The topic this November was “The Image of the Other”, with the conference declaring its ambitious aim to be “to help replace subjective interreligious or intercultural misconceptions and stereotyping with more objective, appropriate and respectful ways of thinking about and depicting followers of other religions and cultures”.
Unlike the International Catholic-Jewish Liaison Committee (ILC), which brings together representatives of international bodies formally selected to maximise the impact of outcomes on Jews and Catholics, KAICIID has invitees rather than delegates.
While the ILC, which met in Madrid in October, sought to produce joint commitments and policies (I participated in the working group on countering antisemitism), KAICIID was an opportunity to explore possibilities, build networks and initiate and cement cooperation and friendship.
In addition to discussing prospects for ongoing dialogue with Hindus, Muslims, Buddhists and Christians, I recorded an interview for Saudi Arabian radio and was also filmed explaining Jewish life in Australia to a Sheikh, a Hindu scholar and curious Asian and African on-lookers.

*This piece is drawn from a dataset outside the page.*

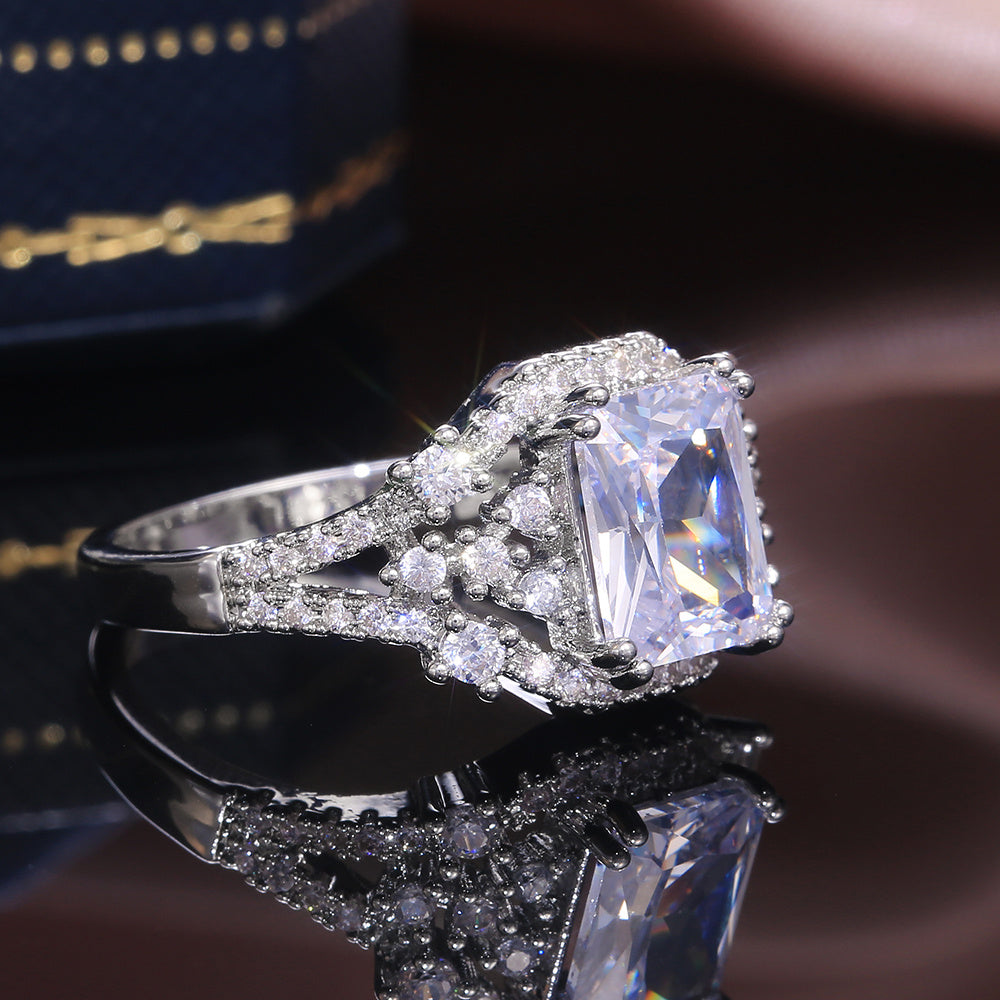 DL Square Crystal Zircon Stone Women Ring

There were a number of Jewish people present, from at least five continents, and the prospect of interfaith interaction attracted each of us.
This was in stark contrast to the inaugural World Culture Forum, a quite remarkable event many years in the planning, which took place in Bali, Indonesia, days after KAICIID.
Indonesia led and staged an elaborate, innovative gathering of government ministers, diplomats, cultural experts and educators from all points on the globe, to highlight the role of culture in the quality of life of all peoples.
Devoted to understanding the nexus of cultural heritage and contemporary cultural expression in sustainable development, the event featured moments of intellectual inspiration (such as the opening address by Nobel Prize Laureate Amartya Sen), incredible artistic performances and a consistently high level of presentations.
My designated role was as a speaker on the subject of interfaith dialogue as an element for social cohesion and sustainable development, a topic forcefully promoted by Indonesian President Susilo Bambang Yudhoyono.
The panel on this topic included world luminaries such as Professor Azyumardi Azra and Sharif Istvan Horthy, as well as presenters with special expertise on particular aspects of the relationship between religion and culture.
In question time, it became apparent that there was a great deal of interest in the subject, as well as enthusiasm to engage in discussion on it.
As the only identifiably Jewish participant in the Forum, I encountered a huge amount of interest in Judaism, Jewish history and in my views of the future of Israel and the wider Middle East.
I was confronted with stereotypes but not with antagonism, with curiosity driven by a desire to learn rather than any attempt to highlight “otherness”.
Some speakers lauded what they saw as Jewish commitment to education and an admirable maintenance of cultural identity in times of powerlessness and persecution, and many participants told me privately of their admiration of Israel and their respect for Jewish people and Judaism.
On my final nights in Bali, I lit candles for Chanukah in the main lobby of the conference venue.
In the spirit of the World Culture Forum (WCF), the reactions were of respect and, as soon as appropriate, vigorous discussion of the tradition and wider questions on Judaism.
If early indications are a guide, the decision to invite a Jewish Australian to outline the progress and value of interfaith dialogue facilitated just such dialogue, involving people who may well have been hostile towards, cynical of or simply unengaged in such activity.
For that, and for their vision in creating the WCF, we owe gratitude to President SBY and his advisory team.